2

311 12 4
                                    

Wsadziłam klucz do auta i odjechałam do swojego domu w drodze do mojego domu zadzwoniłam do mojej najlepszej przyjaciółki Oli która zawsze mi pomaga,
-cześć olca, bo wczoraj byłam u mojego brata i tam był taki chłopak,-
Nie dokończyła mi,
-NIE GADAJ SHIP SHIP SHIP !!-
powiedziała jak zwykle kiedy powiem o kimś..
-olca nie.- a możne ? Nie nie .
-wez gadałaś z nim ?- zapytała
- tak wczoraj był odcinek 24 h w jednej bluzie i wylosowałam Bartka ale Hania się zamieniła ze mną bo chciała być ze swoim chłopakiem i ja byłam z kostkiem i no ..- już wiedziałam że ona dostanie ataku serca z tej radości i już się bałam,
-ONG OMG OMG . NIE GADAJ .. -
powiedziała już z tym objawem,
- weź już tylko jeden odcinek i nic więcej,- powiedziałam i skończyłam z nią rozmowę żegnając się ponieważ byłam już pod moim domem.

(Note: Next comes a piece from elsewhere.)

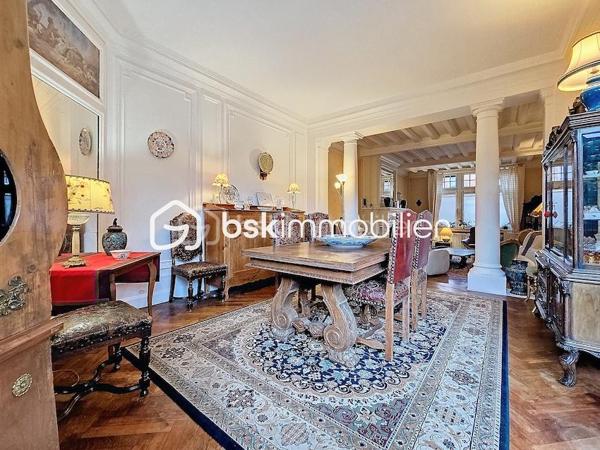 Antoine Rafart BSK Immobilier vous présente cette très belle maison de maître, idéalement située en coeur de ville d'Arras, à deux pas de la place de la Vacquerie. Ce bien  d'exception comporte au rez-de chausséee, un hall de réception, un salon-séjour avec cheminée monumentale, un bow window, deux bureaux dont un avec cheminée, une cuisine indépendante. Au premier étage, se situent cinq chambres, une salle d'eau, une salle de bains, un balcon. Au second, se trouvent une sixième chambre, une buanderie et un grenier aménageable. Cette grande demeure dispose en extérieur d'une terrasse et d'un jardin. Un garage ainsi qu'une grande cave complètent ce bien. Idéalement placée pour une demeure familiale, pour une profession libérale, à proximité immédiate des commerces et des écoles, cette maison de maître a su conserver son cachet authentique, parquet en chevrons chêne, cheminées en marbre, moulûres au plafond, etc. Pour toute demande de visite, merci de contacter Antoine Rafart au 06 85 60 29 26.
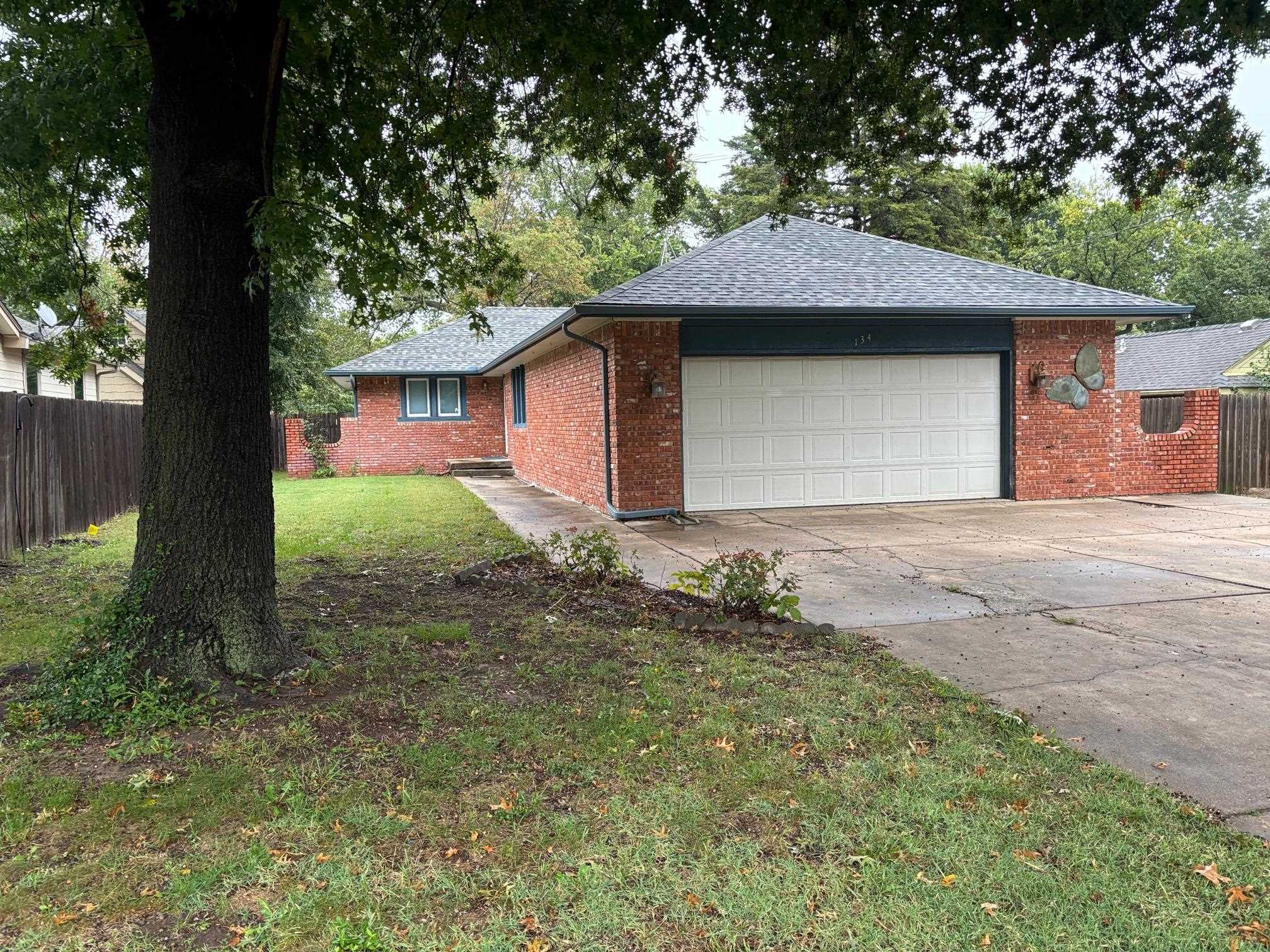 134 S Westfield Property Photo 1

Weszłam do domu zapominając o kluczach ale teraz przypomniałam sobie o nich jak robiłam herbatę co ja mam z tymi kluczami wybiegłam z domu i wzięłam klucze, nienawidzę ze ja zawsze o wszystkim zapominam.

Wróciłam do domu i przypomniałam sobie o herbacie wzięłam ją i poszłam do pokoju wyciągając telefon z kieszeni, położyłam herbatę i weszłam w wiadomości na telefonie i zobaczyłam że kostekkról zaczął mnie obserwować to oddałam mu obserwacje i oglądnęłam jeszcze insta i poszłam się przebrać i wykąpać przy okazji zrobiłam skin care i poszłam spać w moim domku.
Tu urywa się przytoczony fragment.